**RECORDED INFORMATION:**
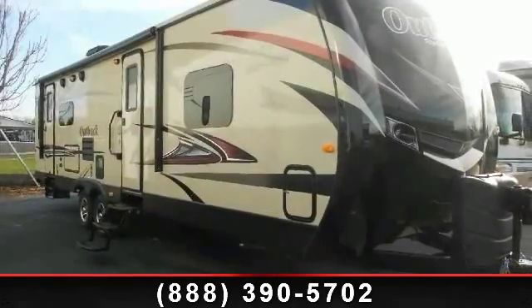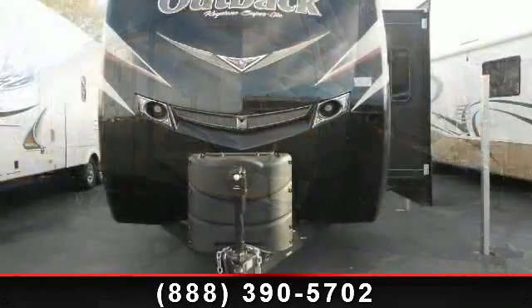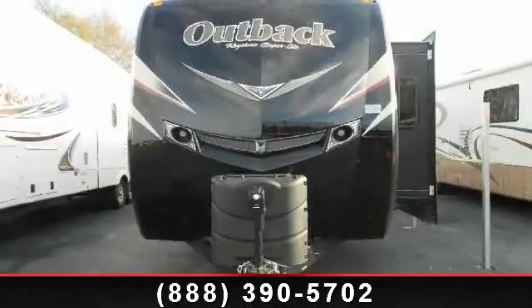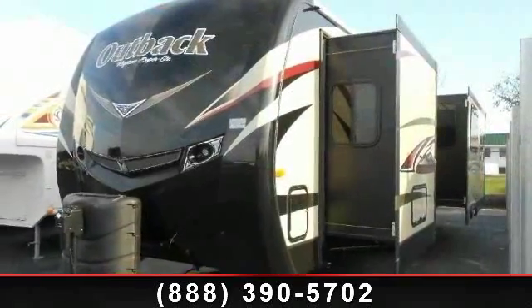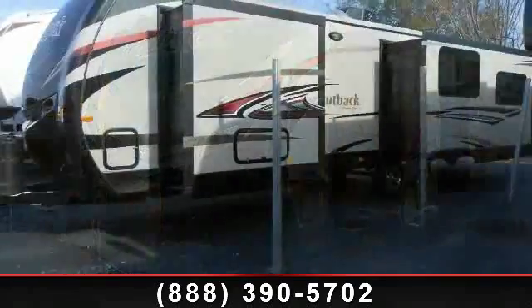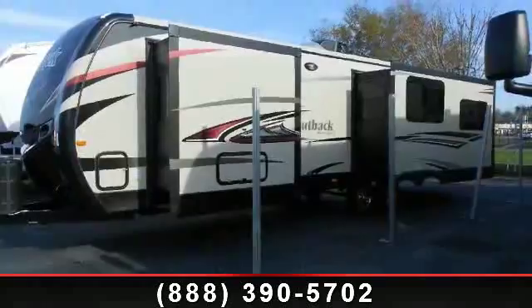Start planning your next trip in this 2014 Keystone Outback 277 RLS. Whether you are planning on vacationing, adventuring or just relaxing, this travel trailer does it all. This unit is perfect for those looking to maximize fuel efficiency but maintain all of the conveniences of a well-appointed, feature-packed RV.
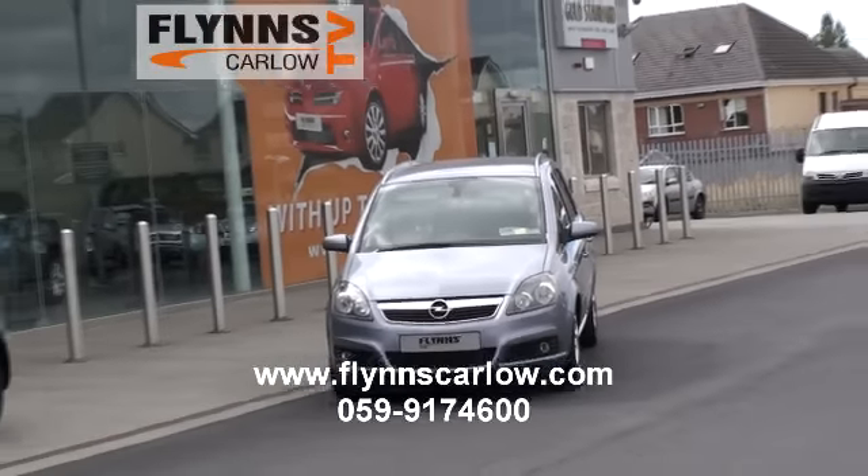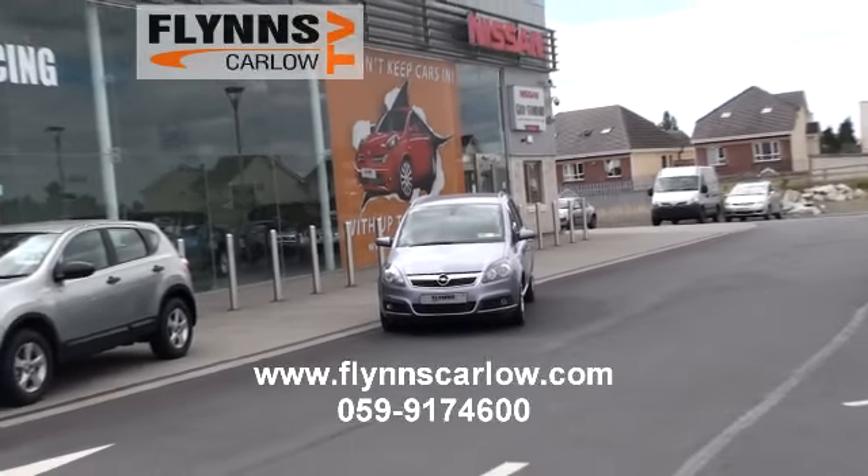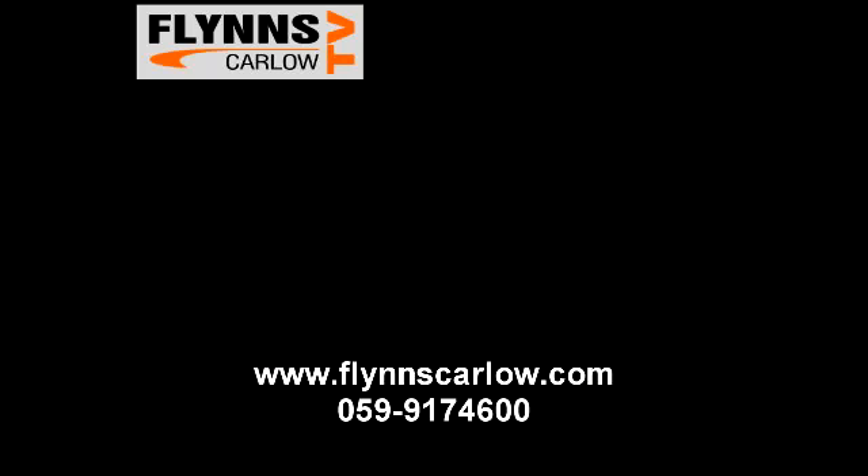It comes fully prepared in our service department by our qualified and highly skilled technicians. It is also covered by our comprehensive used vehicle warranty with roadside assistance.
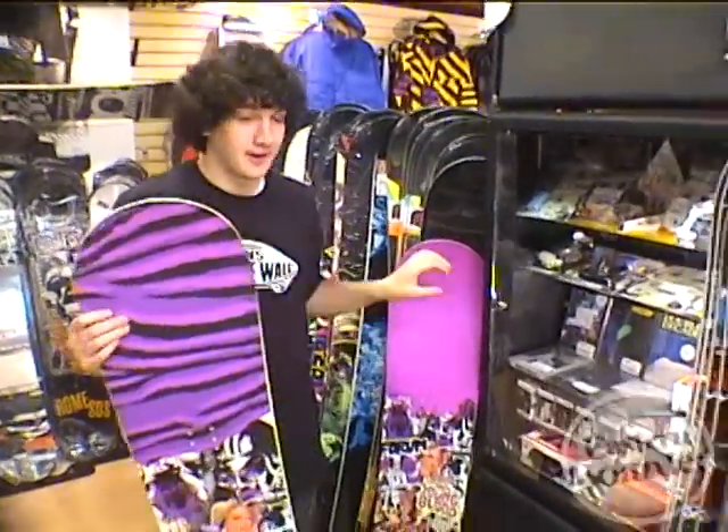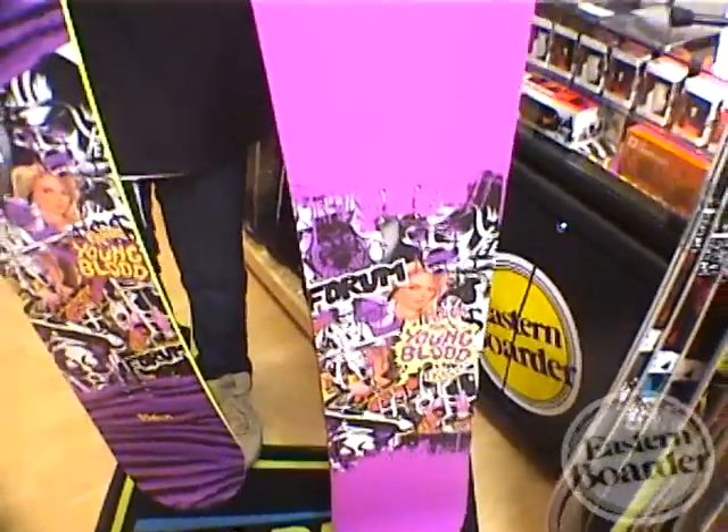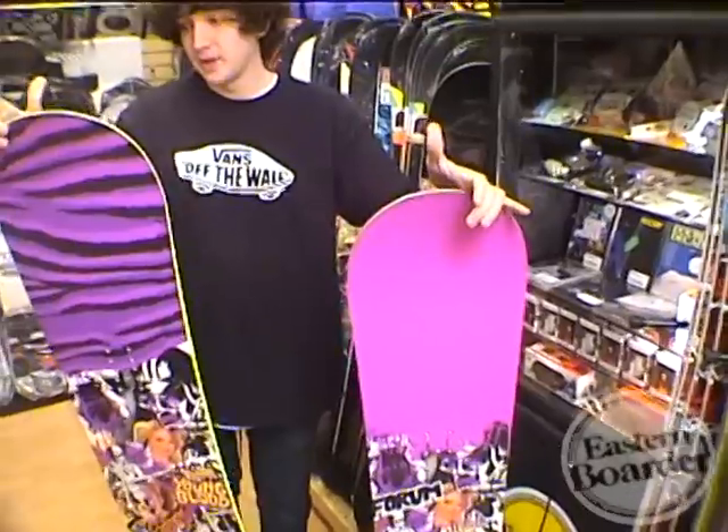For the little guys, don't you worry, we have the Mini Youngblood. It's a little bit cheaper, and it's all around the same as the bigger version of the Youngblood.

**TASK PROMPT:**
Images are to be left out; everything else in the material must be written out exactly.

**REPLY:**
Start planning your next trip in this 2014 Keystone Outback 277 RLS. Whether you are planning on vacationing, adventuring or just relaxing, this travel trailer does it all. This unit is perfect for those looking to maximize fuel efficiency but maintain all of the conveniences of a well-appointed, feature-packed RV.
It comes fully prepared in our service department by our qualified and highly skilled technicians. It is also covered by our comprehensive used vehicle warranty with roadside assistance.
For the little guys, don't you worry, we have the Mini Youngblood. It's a little bit cheaper, and it's all around the same as the bigger version of the Youngblood.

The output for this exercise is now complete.